Netanyahu è accusato di aver promosso una regolamentazione vantaggiosa per alcuni importanti editori in cambio di una copertura mediatica in suo favore e di aver accettato decine di migliaia di dollari di sigari e champagne da un produttore miliardario di Hollywood in cambio di assistenza per interessi personali e commerciali. «Sono otto anni che aspetto questo giorno, otto anni che voglio dire la verità, otto anni di attesa per demolire queste accuse assurde e infondate contro di me», ha detto il premier prima di entrare in tribunale dove ha accusato i giudici di dare vita a una «caccia alle streghe implacabile». Fuori dall’aula una folla di manifestanti – tra cui anche alcuni dei familiari degli ostaggi ancora nelle mani di Hamas – ha protestato contro il premier.

La transizione

Intanto anche la leadership del Qatar, favorita dai buoni rapporti con la Turchia, ha iniziato a prendere contatti con Hts. Ora l’interlocutore principale è Mohammed al Bashir, la cui nomina come primo ministro è stata ufficializzata. Rimarrà in carica fino al 1° marzo con l’obiettivo di non far collassare il paese di fronte alle divisioni tra fazioni e milizie. Ha avuto un primo incontro con gli altri membri del governo di transizione e con alcuni diplomatici dei paesi arabi.

Alla riunione era presente anche l’ambasciatore italiano, l’unico occidentale. Un primo passo di normalizzazione è avvenuto con le dichiarazioni di Geir Pedersen, inviato speciale dell’Onu per la Siria. «La realtà finora è che Hts e gli altri gruppi armati hanno inviato buoni messaggi al popolo siriano», ha detto, «hanno inviato messaggi di unità e inclusione». Il segretario di stato americano Antony Blinken ha invitato tutti i paesi a sostenere un processo «inclusivo».

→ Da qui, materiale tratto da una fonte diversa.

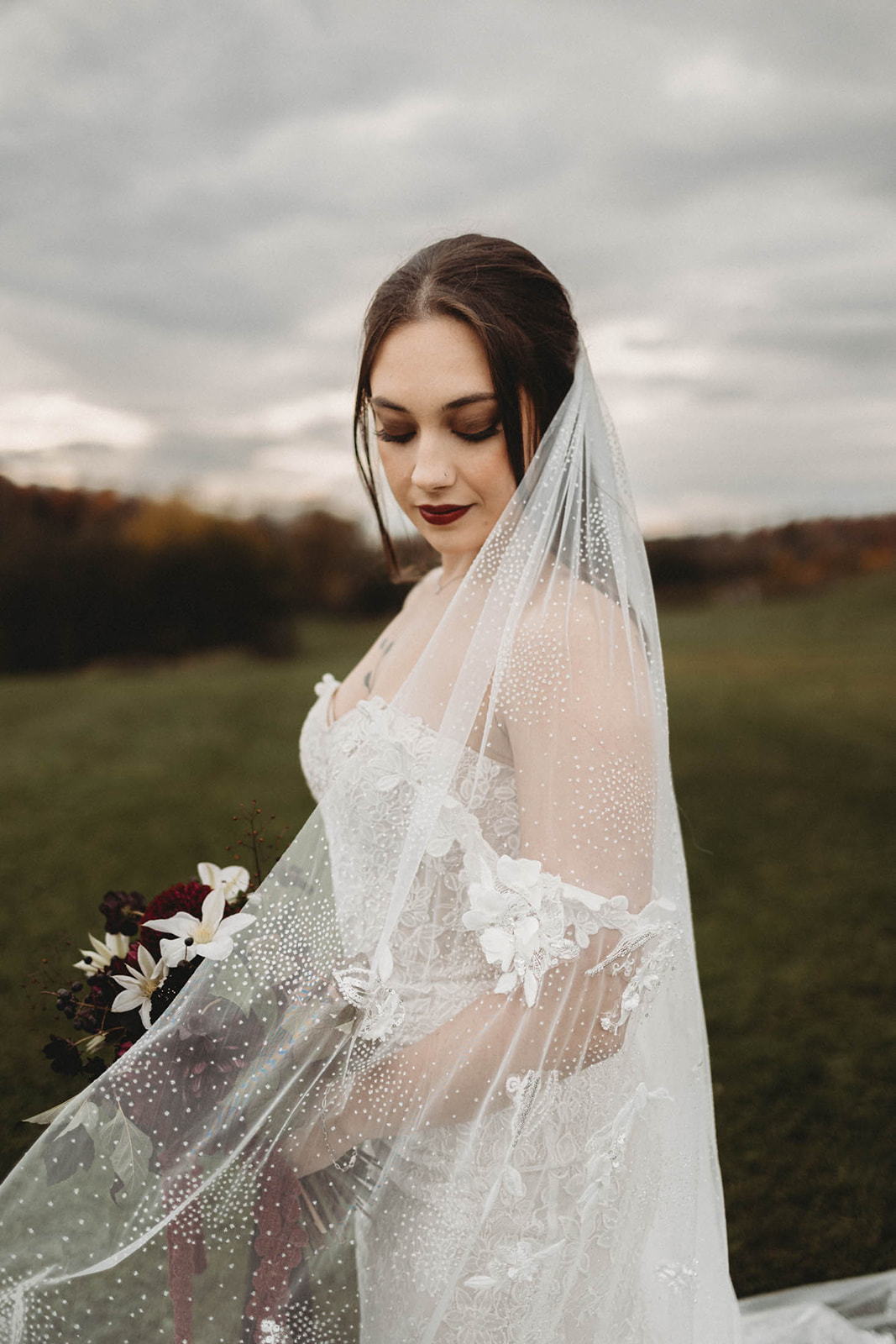Pearl embroidered bridal veil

Ma la nuova Siria dovrà fare i conti con i crimini commessi dagli apparati repressivi del regime di Assad. «I siriani meritano di sapere la verità e devono avere giustizia: giustizia e accertamento delle responsabilità sono l'unica via per la riconciliazione nazionale», ha detto l’Alta rappresentante dell’Ue, Kaja Kallas.

Intanto dalle celle sotterranee della prigione di Sednaya riemergono i cadaveri degli oppositori politici. È stato trovato il corpo del noto attivista Mazen al-Hamada, torturato dal regime.